Silkierabbit · 05/04/2022 11:32

I would definitely pay it off, its a huge relief when its gone. Though check no early repayment charges, sometimes its better to pay it as £1k a month or so to avoid those.

DdraigGoch · 05/04/2022 11:33

Given the current state of the world, solar panels would be a very rewarding investment at the moment.

Lightning020 · 05/04/2022 11:34

I cleared my small £18k mortgage in December last year it feels v freeing to be honest. I am 58 however so personally I am relieved as no spring chicken although keep healthy etc. My income is not the best so good to get shot of it (had cashed in a small private pension during the pandemic).

yellowsuninthesky · 05/04/2022 11:36

I would pay it off.
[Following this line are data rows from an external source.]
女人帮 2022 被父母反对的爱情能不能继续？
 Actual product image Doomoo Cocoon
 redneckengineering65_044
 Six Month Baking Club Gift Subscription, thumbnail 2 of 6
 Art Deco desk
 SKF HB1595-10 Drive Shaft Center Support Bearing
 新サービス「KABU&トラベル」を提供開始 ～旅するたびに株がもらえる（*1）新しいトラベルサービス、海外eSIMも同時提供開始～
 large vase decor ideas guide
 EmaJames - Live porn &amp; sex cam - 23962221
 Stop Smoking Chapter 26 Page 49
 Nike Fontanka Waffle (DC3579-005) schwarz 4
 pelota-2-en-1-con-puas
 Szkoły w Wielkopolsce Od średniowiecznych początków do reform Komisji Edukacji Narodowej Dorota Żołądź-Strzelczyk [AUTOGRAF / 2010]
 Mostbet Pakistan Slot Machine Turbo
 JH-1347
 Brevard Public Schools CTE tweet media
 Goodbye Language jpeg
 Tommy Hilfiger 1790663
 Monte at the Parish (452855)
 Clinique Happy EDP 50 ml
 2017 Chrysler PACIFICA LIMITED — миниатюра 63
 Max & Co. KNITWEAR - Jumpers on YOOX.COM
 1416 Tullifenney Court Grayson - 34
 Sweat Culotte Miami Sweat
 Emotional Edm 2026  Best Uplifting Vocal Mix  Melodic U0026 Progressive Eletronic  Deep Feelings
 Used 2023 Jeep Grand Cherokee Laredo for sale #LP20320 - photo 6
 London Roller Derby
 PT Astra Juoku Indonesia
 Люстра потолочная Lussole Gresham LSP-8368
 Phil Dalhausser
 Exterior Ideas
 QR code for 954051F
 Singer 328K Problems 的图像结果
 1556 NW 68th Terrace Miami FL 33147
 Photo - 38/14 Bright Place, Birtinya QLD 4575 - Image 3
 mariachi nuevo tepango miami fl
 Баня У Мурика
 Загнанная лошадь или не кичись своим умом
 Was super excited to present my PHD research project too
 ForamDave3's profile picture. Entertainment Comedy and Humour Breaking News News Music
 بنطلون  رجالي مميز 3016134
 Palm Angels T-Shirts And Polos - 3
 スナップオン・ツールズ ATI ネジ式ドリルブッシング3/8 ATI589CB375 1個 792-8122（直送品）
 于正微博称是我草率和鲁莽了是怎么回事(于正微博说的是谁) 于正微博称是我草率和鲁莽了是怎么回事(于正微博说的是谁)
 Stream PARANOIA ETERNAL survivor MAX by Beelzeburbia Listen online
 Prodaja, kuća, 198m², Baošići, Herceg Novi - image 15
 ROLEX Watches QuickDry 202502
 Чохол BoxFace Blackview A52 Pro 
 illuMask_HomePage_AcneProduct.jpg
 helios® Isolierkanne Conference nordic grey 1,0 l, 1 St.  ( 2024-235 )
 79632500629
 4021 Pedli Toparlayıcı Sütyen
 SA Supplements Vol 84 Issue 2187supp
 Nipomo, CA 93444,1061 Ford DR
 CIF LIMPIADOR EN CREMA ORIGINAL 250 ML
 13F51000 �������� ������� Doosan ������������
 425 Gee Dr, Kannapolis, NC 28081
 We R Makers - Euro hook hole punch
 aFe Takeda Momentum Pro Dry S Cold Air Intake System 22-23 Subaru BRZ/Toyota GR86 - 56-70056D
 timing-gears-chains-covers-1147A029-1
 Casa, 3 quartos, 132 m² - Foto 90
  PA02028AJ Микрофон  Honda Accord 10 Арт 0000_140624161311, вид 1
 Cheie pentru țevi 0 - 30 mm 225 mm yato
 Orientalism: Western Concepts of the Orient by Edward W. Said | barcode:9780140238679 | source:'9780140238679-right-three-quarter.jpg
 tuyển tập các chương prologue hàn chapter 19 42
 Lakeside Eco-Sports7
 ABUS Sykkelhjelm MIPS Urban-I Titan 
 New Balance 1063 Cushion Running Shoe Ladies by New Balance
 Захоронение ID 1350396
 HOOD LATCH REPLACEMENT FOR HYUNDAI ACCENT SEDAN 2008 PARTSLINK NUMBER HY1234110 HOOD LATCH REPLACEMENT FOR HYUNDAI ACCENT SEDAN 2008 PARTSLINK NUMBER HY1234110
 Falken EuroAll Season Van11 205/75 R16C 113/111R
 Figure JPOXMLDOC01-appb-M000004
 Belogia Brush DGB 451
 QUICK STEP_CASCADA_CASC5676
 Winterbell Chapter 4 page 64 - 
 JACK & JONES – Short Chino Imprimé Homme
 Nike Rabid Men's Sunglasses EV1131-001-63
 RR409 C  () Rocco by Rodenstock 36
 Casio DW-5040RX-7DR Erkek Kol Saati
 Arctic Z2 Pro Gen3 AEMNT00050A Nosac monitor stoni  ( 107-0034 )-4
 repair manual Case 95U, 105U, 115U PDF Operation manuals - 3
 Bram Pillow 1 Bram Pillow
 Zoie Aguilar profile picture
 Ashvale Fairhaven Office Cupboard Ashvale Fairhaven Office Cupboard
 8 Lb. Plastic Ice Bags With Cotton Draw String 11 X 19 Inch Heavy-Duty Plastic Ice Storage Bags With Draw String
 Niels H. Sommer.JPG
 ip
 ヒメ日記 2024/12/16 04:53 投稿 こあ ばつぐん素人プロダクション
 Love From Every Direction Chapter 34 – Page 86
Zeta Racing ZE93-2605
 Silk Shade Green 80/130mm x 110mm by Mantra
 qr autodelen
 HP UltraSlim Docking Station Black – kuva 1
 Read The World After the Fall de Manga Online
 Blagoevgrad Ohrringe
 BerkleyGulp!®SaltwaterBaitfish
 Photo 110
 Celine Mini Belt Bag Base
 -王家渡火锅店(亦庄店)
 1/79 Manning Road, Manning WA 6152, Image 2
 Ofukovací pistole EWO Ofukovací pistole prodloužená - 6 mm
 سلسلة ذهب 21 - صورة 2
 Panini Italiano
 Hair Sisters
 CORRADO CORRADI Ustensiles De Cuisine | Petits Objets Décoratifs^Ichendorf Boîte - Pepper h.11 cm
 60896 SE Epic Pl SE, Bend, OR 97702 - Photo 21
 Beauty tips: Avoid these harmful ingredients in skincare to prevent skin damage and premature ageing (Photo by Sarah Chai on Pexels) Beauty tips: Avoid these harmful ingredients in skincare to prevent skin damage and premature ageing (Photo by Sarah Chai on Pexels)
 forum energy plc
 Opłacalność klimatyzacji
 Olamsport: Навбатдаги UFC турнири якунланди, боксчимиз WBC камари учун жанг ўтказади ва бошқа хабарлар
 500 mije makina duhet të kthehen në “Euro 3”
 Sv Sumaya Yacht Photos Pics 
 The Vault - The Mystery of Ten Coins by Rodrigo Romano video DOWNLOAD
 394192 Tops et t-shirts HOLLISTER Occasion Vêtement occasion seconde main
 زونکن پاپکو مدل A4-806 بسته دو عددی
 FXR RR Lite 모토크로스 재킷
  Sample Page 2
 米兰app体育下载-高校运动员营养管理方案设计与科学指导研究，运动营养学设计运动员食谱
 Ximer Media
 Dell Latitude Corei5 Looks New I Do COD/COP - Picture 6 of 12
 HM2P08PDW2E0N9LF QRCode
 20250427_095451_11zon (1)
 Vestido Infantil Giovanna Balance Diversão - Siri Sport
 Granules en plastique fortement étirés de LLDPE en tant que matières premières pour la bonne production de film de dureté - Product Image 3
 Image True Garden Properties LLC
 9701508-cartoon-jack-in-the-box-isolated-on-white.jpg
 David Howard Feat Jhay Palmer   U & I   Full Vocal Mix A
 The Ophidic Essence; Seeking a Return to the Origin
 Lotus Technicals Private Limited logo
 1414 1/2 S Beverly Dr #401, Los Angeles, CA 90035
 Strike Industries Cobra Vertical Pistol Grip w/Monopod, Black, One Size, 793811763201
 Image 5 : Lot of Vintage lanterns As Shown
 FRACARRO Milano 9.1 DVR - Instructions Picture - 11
You can then gradually build up savings and perhaps interest rates will rise a bit and make it a bit more worthwhile to save.

Being mortgage-free gives you choices and less stress if you lose your job.

I paid off my mortgage about six years ago. It has been a big relief not to worry about it, as it was a big chunk of our monthly outgoings.

Mooster62 · 05/04/2022 11:38

Whilst it is only a small amount per month it us mainly interest so still money down the drain. Pay it off and then put the £80 or whatever you can spare into savings or your pension where it is actually growing.